With 4:52 remaining, Clemson coach Dabo Swinney opted to go for it on fourth-and-5 from the Georgia 45-yard line. The Bulldogs forced a hurried throw. That pressure was simply too much all night from a fast-and-furious defense.
Which prompts that question: Can that defense win the SEC?
LSU and Alabama won the national championship the last two seasons with record-setting offenses in the offense. Can Georgia reclaim the SEC East with this defense and counter what looks like another offensive explosion in Alabama down the line?
Daniels and an inexperienced group of receivers will need to get better, and Georgia will need to tap into its ground game, which closed the game in the final four minutes. Daniels finished 22 of 30 for 135 yards, and he hit 11 different receivers. Zamir White had 13 carries for 74 yards.

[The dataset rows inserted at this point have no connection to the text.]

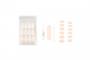 Nehty Ardell Nail Addict Premium - French Ombre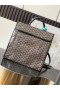 Goyard Saint Léger Backpack Black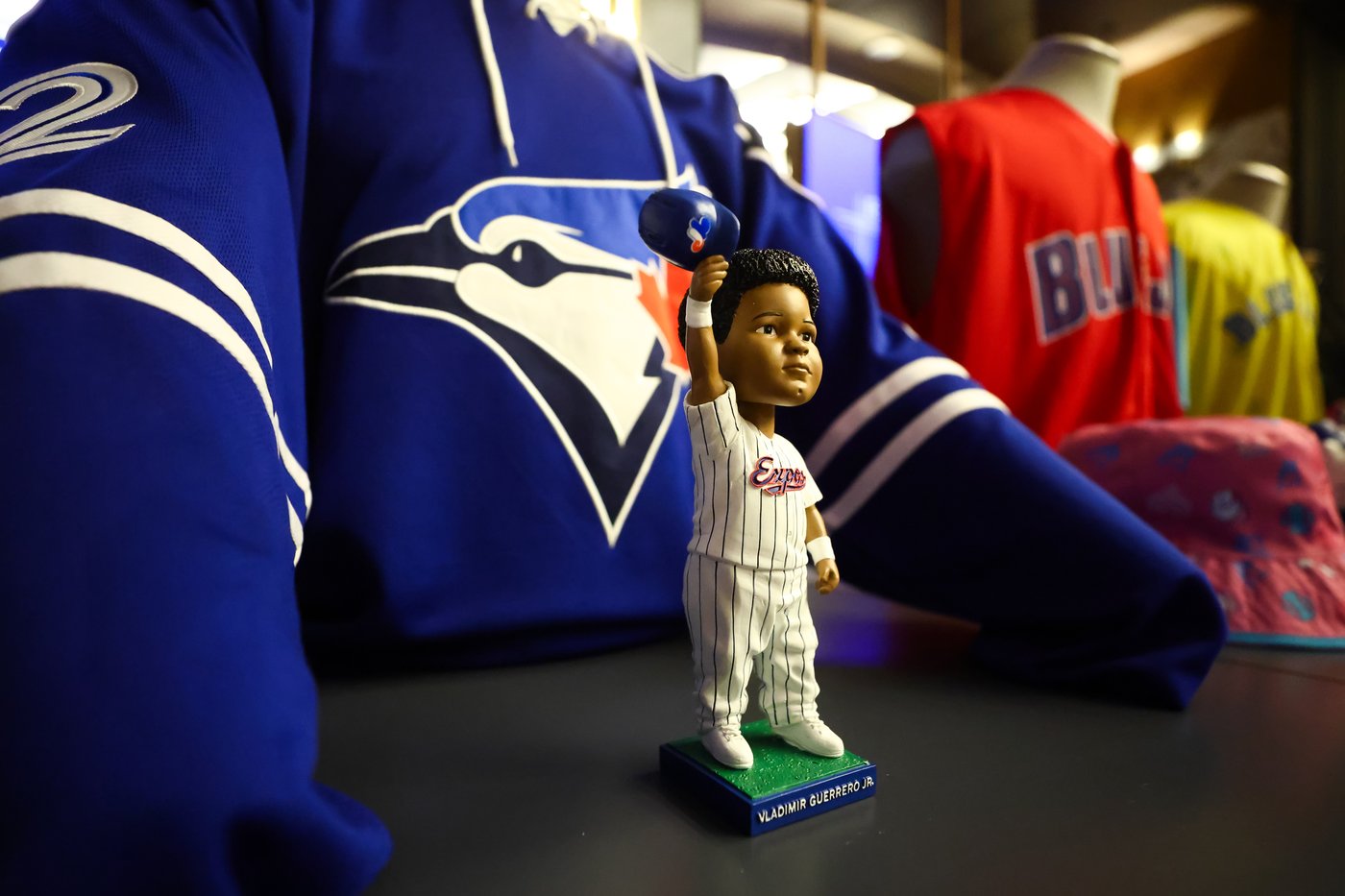 "Born Ready" Guerrero Jr. bobblehead giveaway sure to be a hit with Blue Jays fans | iNFOnews.ca "Born Ready" Guerrero Jr. bobblehead giveaway sure to be a hit with Blue Jays fans | iNFOnews.ca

Clemson had an elite defense too, but it just wasn’t better than the Bulldogs in a heavyweight clash. Will Georgia be good enough to maintain that momentum while Alabama, Ohio State and Oklahoma continue to roll with their 40-points-per-game-offenses?
Given Georgia's SEC West opponents are Arkansas and Auburn, that’s a question that can simmer in Athens until the Oct. 30 matchup against Florida. That is better than asking whether one-loss Georgia can survive that SEC minefield without another loss; something that hasn't been done in the Smart era.
That national championship expectation is defensible now.
The Bulldogs will have the No. 2 ranking to prove it by Tuesday.